[jdk8u] RFR: 8301119: Support for GB18030-2022 [v3]

Severin Gehwolf sgehwolf at openjdk.org
Fri Jun 23 13:39:08 UTC 2023


On Fri, 23 Jun 2023 12:58:19 GMT, Andrew John Hughes <andrew at openjdk.org> wrote:

>> This is being proposed for inclusion in 8u382 during rampdown, so that the changes are in place for when GB18030-2022 enforcement begins in August. It modifies GB18030 to handle both the 2000 and the 2022 variant. The 2000 variant is available by setting `-Djdk.charset.GB18030=2000`.
>> 
>> With the preceding test changes in place (#43 and #44), the changes needed for this are fairly minimal. The biggest divergence from 11u is in the character set providers. The changes in the `make` directory are not needed as 8u never moved to using a template for GB18030 in the first place (the 11u changes revert it back to being source-based). The change in the `SPI.java` generator tool moves into `ExtendedCharsets.java` in the class library, as the file is not auto-generated in 8u. The change to `StandardCharsets.java.template` lands in `AbstractCharsetProvider.java`.
>> 
>> In 8u, the standard charsets are generated from a text file by a shell script, while the extended charsets are handled by a standard class. 11u moves GB18030 from extended to standard.
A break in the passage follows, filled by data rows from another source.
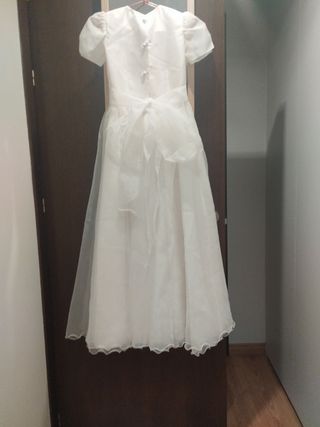 Traje de comunión y cancan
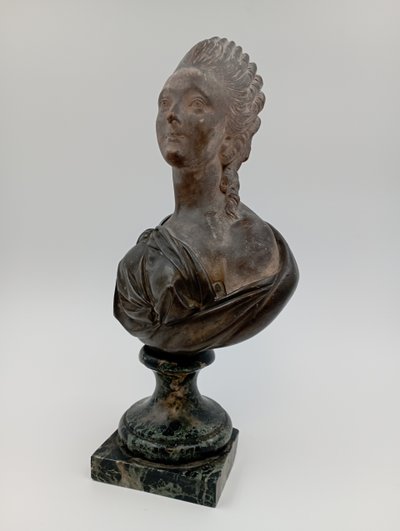 Scultura in terracotta di Madame du Barry del XVIII secolo attribuita a Pajou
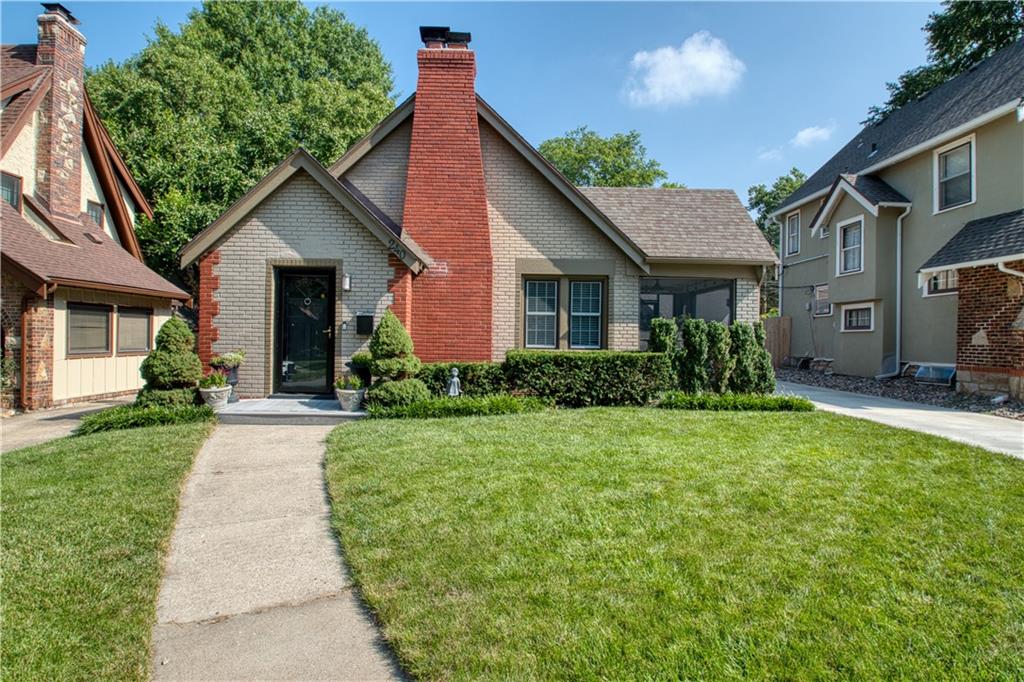 240 E 73rd Street Property Photo 1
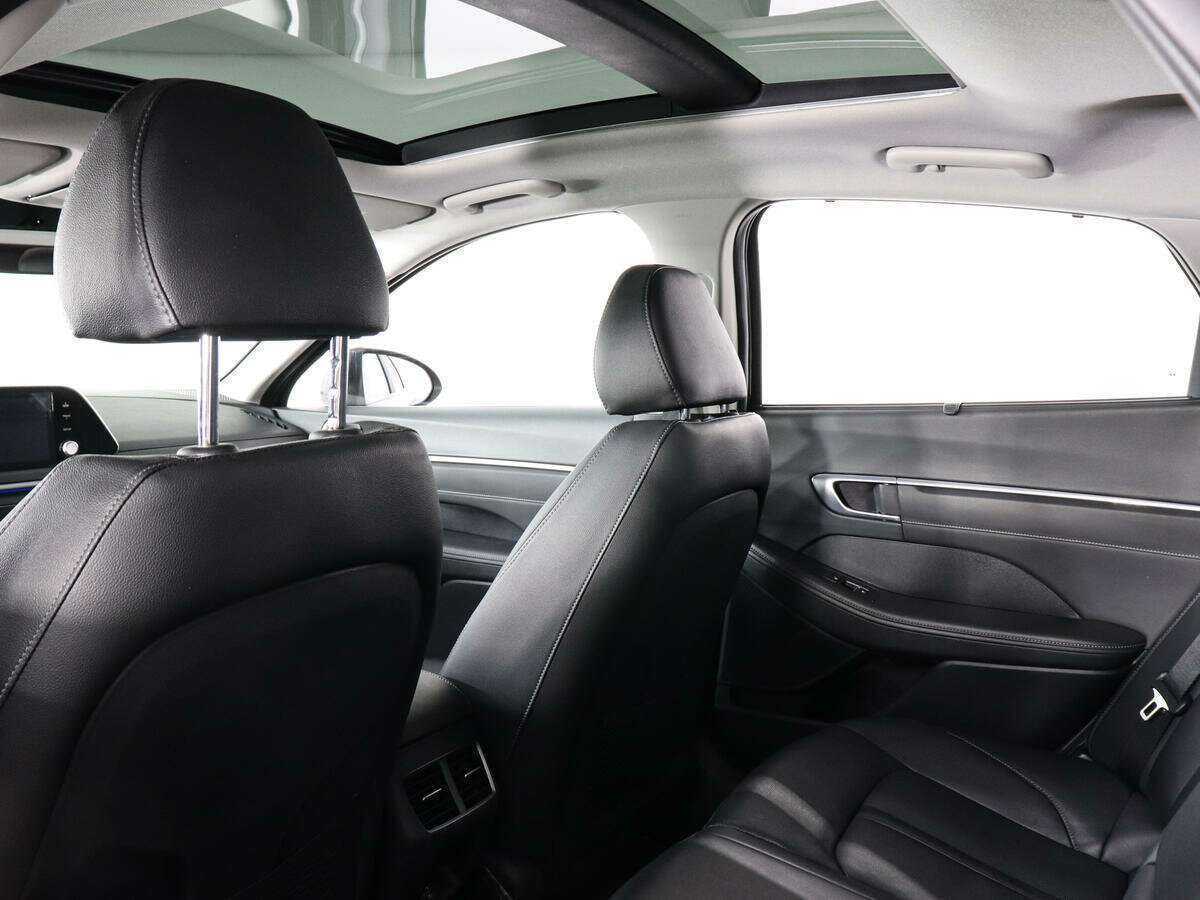 Купить Hyundai Sonata с пробегом. Фото: #11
I experimented with this in 8u, but it seemed more problematic than just keeping it in the extended set. The only reason I can see for moving it in 11u is it allows `IS_2000` to be package-private to `sun.nio.cs`, whereas we need to make it public in `sun.nio.cs.ext` so it can be accessed from `sun.nio.cs`.
>> 
>> To use the 11u solution would mean major rewrites to the shell script or bringing over the whole change in how the standard charset provider is generated from 11u, which I think, along with moving the package the character set is in, is too risky and unnecessary for this change. The generation changes are necessary because the GB18030 character set needs to provide a different alias, depending on whether it is the 2000 or 2002 variant. The `genCharsetProvider.sh` would need the alterations we have added to `ExtendedCharsets.java` to handle this, but converted to awk.
>> 
>> The only adjustment to `GB18030.java`, other than copyright headers, is to replace the use of `jdk.internal.misc.VM.initLevel` with that of `sun.misc.VM.isBooted`. 8u does not provide as fine-grained access to the initialisation status as 11u, and so may force the use of the 2022 standard until a later stage in the bootup (`BOOTED` is `initLevel() = 4` in 11u).
>> 
>> With the tests, the adjustments are just due to differing bug IDs, the absence of `@modules` and the use of constructs (`var`) and library calls (`Set.of`) that don't exist in 8u....
>
> Andrew John Hughes has updated the pull request with a new target base due to a merge or a rebase. The pull request now contains one commit:
> 
>   Backport 5c4e744dabcf7785c35168db5d0458ccebfd41e6

These 4 tests consistently fail for me with a fastdebug build:


FAILED: java/nio/charset/Charset/RegisteredCharsets.java
FAILED: sun/nio/cs/mapping/CoderTest.java
FAILED: sun/nio/cs/mapping/TestConv.java
FAILED: sun/nio/cs/TestGB18030.java


`RegisteredCharsets.java` failure is:

java.nio.charset.UnsupportedCharsetException: gb18030-2022
        at java.nio.charset.Charset.forName(Charset.java:531)
        at RegisteredCharsets.aliasCheck(RegisteredCharsets.java:182)
        at RegisteredCharsets.main(RegisteredCharsets.java:255)
        at sun.reflect.NativeMethodAccessorImpl.invoke0(Native Method)
        at sun.reflect.NativeMethodAccessorImpl.invoke(NativeMethodAccessorImpl.java:62)
        at sun.reflect.DelegatingMethodAccessorImpl.invoke(DelegatingMethodAccessorImpl.java:43)
        at java.lang.reflect.Method.invoke(Method.java:498)
        at com.sun.javatest.regtest.agent.MainWrapper$MainThread.run(MainWrapper.java:127)
        at java.lang.Thread.run(Thread.java:750)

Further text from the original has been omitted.